Bukan twitter namanya kalau tidak ada kehebohan. Kali ini ada seorang yang menulis bahwa belajar statistic dan melatih softskill itu lebih penting daripada menghafal Al-qur’an. Tentu tweet ini mendapat banyak sekali respon luar biasa, dari yang beneran paham sampai yang Cuma emosi aja dengan tweet tersebut. Bagaimana tidak heboh, beliau membandingkan sesuatu yang harusnya tidak perlu diperbandingkan, apalagi yang ganjarannya berbeda, satunya ganjaran dunia satunya ganjaran akhirat, malah para penghafal juga dapat ganjaran dunia sih, seperti beasiswa tahfidz sampai menjadi imam masjid dengan bayaran super gede
Karena penasaran, saya mencari perdebatan yang
menarik dari tweet ini, hingga saya menemukan ada akun lain yang membalas tweet
tersebut, tapi bukan tweet balasan ini yang menarik, tapi balasan dari si
penulis tweet kontroversial terhadap balasan tweetnya. Intinya dia bilang gini “filsafat
itu banyak bentuknya. Makanya belajar filsafat itu jangan hanya dari fahruddin
faiz, habib ja’far atau henry manampiring”. Ketika membaca ini, saya terkejut
dan tersindir, ternyata 3 tokoh ini, Cuma kelas rendah kalau mau belajar
filsafat ya menurut beliau. Wow, tinggi sekali ilmu beliau ternyata.

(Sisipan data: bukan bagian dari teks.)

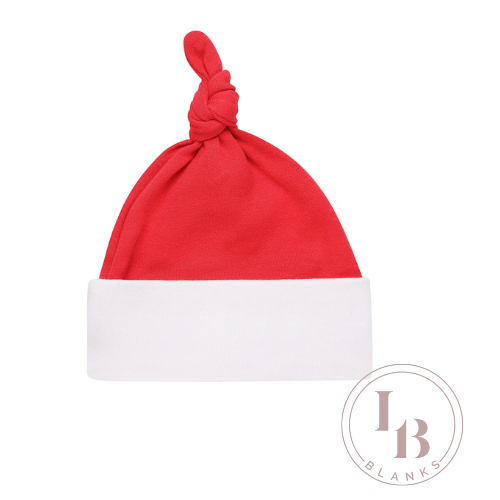 Red Christmas Knotted Baby Beanie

Saya ketika mahasiswa s1 memang rajin dicekoki soal
filsafat oleh para senior di organisasi, dari disuruh baca dunia shopie sampai
zarathusranya Nietzsche. Dari mengkaji tokoh awal filsafat, Socrates sampai
tokoh sekaliber karl marx. Dulu ketika belajar sendiri emang terasa beratnya,
bahasanya yang jelimet membuat ilmu susah terserap dengan baik, butuh berulang
kali memahaminya.
Pada akhirnya saya menemukan ngaji filsafat yang
dibimbing pak fahruddin faiz, yang membuat filsafat itu menjadi menarik untuk
dikaji dan lebih mudah diserap oleh akal pikiran. Banyak sekali pikiran para
filsafat yang disampaikan pak fahruddin faiz yang terserap di kepala saya, bahkan
beberapa tokoh besar filsafat dan pemikir yang baru saya tau namanya karena pak
fahruddin faiz. Walaupun saya tidak pernah sekalipun bertemu beliau, saya
sangat berasa dekat dengan beliau, (bagaimana tidak dekat, setiap mendengar
semua kajian beliau saya pakai headset yang langsung di gendang telinga. Serasa
dibisikan secara langsung oleh pak faiz. Haha).

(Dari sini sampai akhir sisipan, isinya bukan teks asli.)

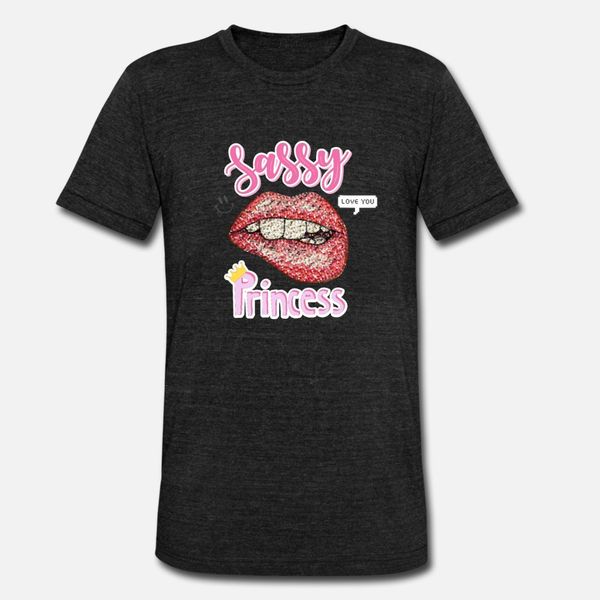 

sassy crown princess sassy love with sweet lip t shirt men customize 100% cotton crew neck clothes sunlight building spring letters shirt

Makanya banyak sekali opini-opini yang saya tulis,
yang mengutip dari perkataan pak faiz, yang sebenarnya pak faiz juga mengutip
dari para tokoh-tokoh. Pak faiz itu selalu merendah, beliau pernah bilang
begini “bukan saya yang cerdas, tapi para tokoh, saya Cuma menjelaskan saja”. Padahal
bagi saya, beliau juga sangat cerdas, bisa memeras dan menyederhanakan semua
ide gila para filsuf yang sehingga dinikmati bahkan dicintai para pendengarnya.

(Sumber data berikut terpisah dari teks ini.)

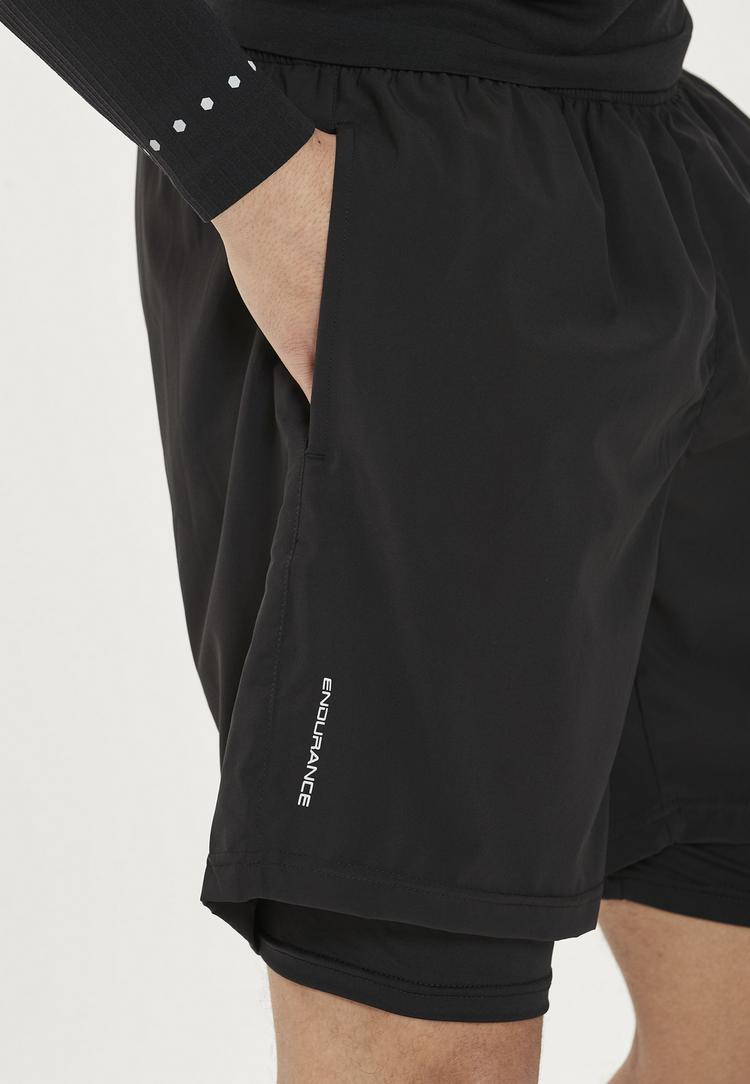 Endurance Endurance Vanclause 2 in 1 Shorts Herren - 1001 Black - 2 | SportScheck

Kalau membaca opini dalam tweet tersebut “…makanya
jangan baca filsafat hanya dari fahruddin faiz…” emang terlihat menganggap
remeh pak faiz, tapi emang ada benarnya. Bayangkan pak faiz mengkaji karl marx
hanya 2-3 pertemuan, sekitar 4-6 jam paling lama, sedangkan beberapa teman saya
butuh berbulan-bulan untuk paham dan mengerti buku das kapitalnya si karl marx,
maka belajar filsafat dari pak faiz mungkin memang bukan langkah yang tepat. Tapi
bagi saya tepat, pak faiz memang bukan guru pembimbing terus menerus, beliau
adalah pemantik api. Ketika beliau sudah memantik api filsafat dalam diri kita,
ya tinggal kita yang mencarinya lebih dalam lagi. Pak faiz pun sering bilang
gitu kok dalam ngaji filsafatnya. “…kalau kalian tertarik lebih dalam, silahkan
baca-baca lagi…” ini kalimat tidak keluar akhir-akhir ini aja, tapi sudah dari
awal-awal ngaji filsafat dimulai, artinya pak faiz emang mengakui kalau beliau Cuma
pemantik bagi jiwa yang awam.
Ternyata beliau yang ngetweet itu melihat dari sudut
pandang yang berbeda. Yah aneh juga sih ada orang yang berpikir belajar
filsafat dari dengerin orang bisa langsung tahu. Setidaknya saya faham kalau
belajar filsafat kalau Cuma mendengar tidak akan efekti, kita harus mencari
sendiri, membaca dan mendebatnya dalam kepala kita, mengharap paham soal
gadamer dalam 2 jam ngaji filsafat adalah ketidaktepatan. Yang anehnya ada yang
membandingkan pembelajaran murni dan pembelajaran model pemantik ala pak faiz.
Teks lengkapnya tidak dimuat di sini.